Leaders of the different faith groups came together to witness first hand the damage caused by the BP oil spill and pray, the Interfaith website said.

They converged at First Grace United Methodist Church, held an interfaith prayer service, then rode a boat down Barataria Bay, the Huffington Post said.

While seeing the extent of the damage, they dwelled on the moral consequences of heavy dependence on oil, the Religious Action Center of Reform Judaism said.

“From my perspective, it’s an insult to God and a sin against creation,” Rev. Sally Bingham, an Episcopal priest who heads Interfaith Power and Light in San Francisco said.
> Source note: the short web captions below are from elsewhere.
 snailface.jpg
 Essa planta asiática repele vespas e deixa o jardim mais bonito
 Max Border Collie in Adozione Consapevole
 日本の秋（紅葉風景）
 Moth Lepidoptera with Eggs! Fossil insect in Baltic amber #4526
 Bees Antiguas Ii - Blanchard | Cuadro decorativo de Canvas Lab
Rev. Jim Wallis, founder of Sojourners, a social justice movement in Washington said, “This is not a spill; it’s a spoilage” of God’s creation, the Huffington Post said.
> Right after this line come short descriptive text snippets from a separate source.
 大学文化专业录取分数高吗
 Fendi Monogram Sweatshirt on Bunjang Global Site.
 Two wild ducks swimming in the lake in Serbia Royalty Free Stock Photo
Rabbi Julie Schonfeld of the Rabbinical Assembly said the larger lesson is acknowledging the need to reduce dependence on petroleum. “We all need to turn from short-term gratification … rather than indulge ourselves with this unlimited consumption,” she told the Huffington Post.

Rev. Gerald Durley of Providence Missionary Baptist Church said, “Until one comes down to actually see the devastation happening you cannot understand fully what’s going on. The faith community must serve as a catalyst,” Religious Action Center said.

Rev. Brenda Girton-Mitchell of the Progressive National Baptist Convention said, “We need to put a face on this disaster,” Religious Action Center said. Dr. Mahmoud Sarmini, a New Orleans-area physician and a Muslim, cited the Quran calling man God’s viceroy on earth, implying humans’ responsibility for creation, the Huffington Post said.

During their three-day visit the group also met with New Orleans Mayor Mitch Landrieu. They discussed the damage, cleanup efforts, and strategies by which their ministries in their home states could help, Huffington Post said.

Also discussed were the possibilities for lobbying in Congress and the White House for new domestic energy policies.

The Interfaith website cited a new poll by the Benenson Strategy Group which shows that more Americans would like comprehensive energy reform, and will vote for legislators who support such measures. Also noted was the perception that dependence on fossil fuels poses a security threat.

Rabbi David Saperstein, director of Religious Action Center for Reform Judaism, cited Jewish tradition that views creation as “on loan” from God, hence should be wisely used. While calling for a new energy policy Saperstein said, “That doesn’t mean we don’t need to use fossil fuel, or drill for oil until we get ourselves off, but we have to move more quickly to get off, and while we are relying on these fossil fuels we have to be much more insistent that there be safety precautions,” the Huffington Post said.

Saperstein also said he hopes that the world will not forget the need for sustained energy reform when the crisis has been resolved. “We are going to be here and the rest of the religious institutions will be here. Religious institutions will play a central role on the Gulf Coast for a long time,” Religious Action Center said.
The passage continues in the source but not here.